Have you ever been walked out of a job? It’s a pretty awful feeling. I knew it was coming—it was a fast moving freight train, and there was nothing I could do to stop it. About 18 months previous to this date, my most favorite boss of all time retired, and my most unfavorite of all senior level managers was his replacement. We were oil and water. He had a PhD in Physics. I think he thought with a PhD, he knew everything about everything. He even had the nerve to tell me one day that he thought have an MBA (Masters in Business Administration) was a wasted and meaningless college degree. Yes, that is my degree, and he knew it.
The freight train started off slowly, but I knew it had started. I was part of the Senior Management Team, and the only woman in management at this company. We were a fairly cohesive group, although I related best to our CFO (Chief Financial Officer) and my former best boss ever. From the time Dick became my boss (name changed to cover his identity but one that fit him well, if you get my drift), he started putting a wedge between me and whatever I was to accomplish.

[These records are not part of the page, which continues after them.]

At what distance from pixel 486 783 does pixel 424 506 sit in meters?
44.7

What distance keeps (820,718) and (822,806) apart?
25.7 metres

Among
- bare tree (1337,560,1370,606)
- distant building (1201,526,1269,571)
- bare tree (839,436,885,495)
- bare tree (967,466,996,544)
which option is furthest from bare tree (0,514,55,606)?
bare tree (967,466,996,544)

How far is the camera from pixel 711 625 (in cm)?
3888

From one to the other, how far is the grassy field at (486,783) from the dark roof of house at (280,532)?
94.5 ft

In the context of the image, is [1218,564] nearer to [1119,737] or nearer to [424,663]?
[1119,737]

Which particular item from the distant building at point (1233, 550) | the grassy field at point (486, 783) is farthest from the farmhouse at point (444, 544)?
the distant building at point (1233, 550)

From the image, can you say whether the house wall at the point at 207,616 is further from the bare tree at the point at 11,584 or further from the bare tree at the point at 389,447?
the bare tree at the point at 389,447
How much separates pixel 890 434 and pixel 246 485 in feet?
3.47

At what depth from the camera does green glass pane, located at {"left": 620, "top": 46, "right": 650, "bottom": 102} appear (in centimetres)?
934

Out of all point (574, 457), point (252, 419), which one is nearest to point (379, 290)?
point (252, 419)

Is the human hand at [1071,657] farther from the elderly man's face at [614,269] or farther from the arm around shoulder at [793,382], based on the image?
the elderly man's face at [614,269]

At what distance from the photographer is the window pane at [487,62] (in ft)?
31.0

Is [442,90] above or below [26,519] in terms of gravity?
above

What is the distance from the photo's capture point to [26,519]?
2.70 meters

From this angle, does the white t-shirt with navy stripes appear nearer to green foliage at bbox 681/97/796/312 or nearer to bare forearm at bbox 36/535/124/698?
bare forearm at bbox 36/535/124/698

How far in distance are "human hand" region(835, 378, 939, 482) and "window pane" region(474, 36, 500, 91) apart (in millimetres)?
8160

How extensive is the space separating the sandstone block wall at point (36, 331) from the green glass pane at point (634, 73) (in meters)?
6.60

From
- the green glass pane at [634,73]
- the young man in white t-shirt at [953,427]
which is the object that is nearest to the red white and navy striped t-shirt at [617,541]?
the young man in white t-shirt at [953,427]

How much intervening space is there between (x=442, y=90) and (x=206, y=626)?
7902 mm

One day he asked me to do a report on demographics of our company. I made a beautiful PowerPoint presentation for our next management meeting. I presented gender, age, ethnicity, education, everything that would tell you about the demographics of our organization. It was presented to him, our team, and our dotted-line management at headquarters in California. We discussed it as a group, and we moved on to the next topic. Six months later in my annual appraisal, he dinged me for not reporting our demographics. I pointed out to him that I had indeed run this report and presented it several months earlier in our staff meeting. He then said, “I wanted a 30 page written report. Everyone who works for me knows that.” Really, because I didn’t know that. I had never in all my years in Human Resources ever been asked to write a 30 page report. I was dumbfounded.
So the freight train was moving. I could feel the vibration of the ground as this train was gaining speed. I think I heard the whistle blowing. I think I needed to get off the tracks, but I had only so much time to find a new track to go onto. I heard the clickity-clack, and it’s getting louder.
In the meantime I was brushing up my resume. I had been at this company almost four years, and now I thought I needed to leave. By the way, if you never noticed, the higher up in a company one is, the less places one can go from there that will be equivalent or better than in their level and pay. You know, there is only one CEO in a company—if that person needs to find a new position, there are a lot less opportunities for a CEO than a first line manager. Therefore, the job search takes longer, and is a bit more difficult.
A few months went by, and Dick asked me to recruit a summer intern for our company. Okay, I could do that. What were we looking for, what was this person going to do, what were we going to pay this person, and what kind of opportunities will this candidate have to be hired after the internship? I knew that these were important considerations for a person from across the country to have answered in order to come for a short term assignment. Dick wanted me to find a PhD candidate, one with a specialty in the industry we were, and preferably from the University of Florida because he liked their program. No, we will not consider someone from any local state universities that might be PhD candidates with this expertise. I did my research through our corporate office about their internship programs and how they compensated. This company was very generous with the pay and also with help for temporary housing. I had my ducks pretty much in a row to start the recruitment, except for the big questions—what will this intern be doing, and what is the future for this candidate? I went into Dick’s office to discuss these two very important items. His first answer really surprised me—no, we would not be offering a permanent job to this person no matter how good they were. Dick’s goal was that this candidate would be so enamored with our company that when this intern went to a permanent first job after attaining the doctorate, they would recommend purchasing our products because we were so great. It was a marketing ploy from the start!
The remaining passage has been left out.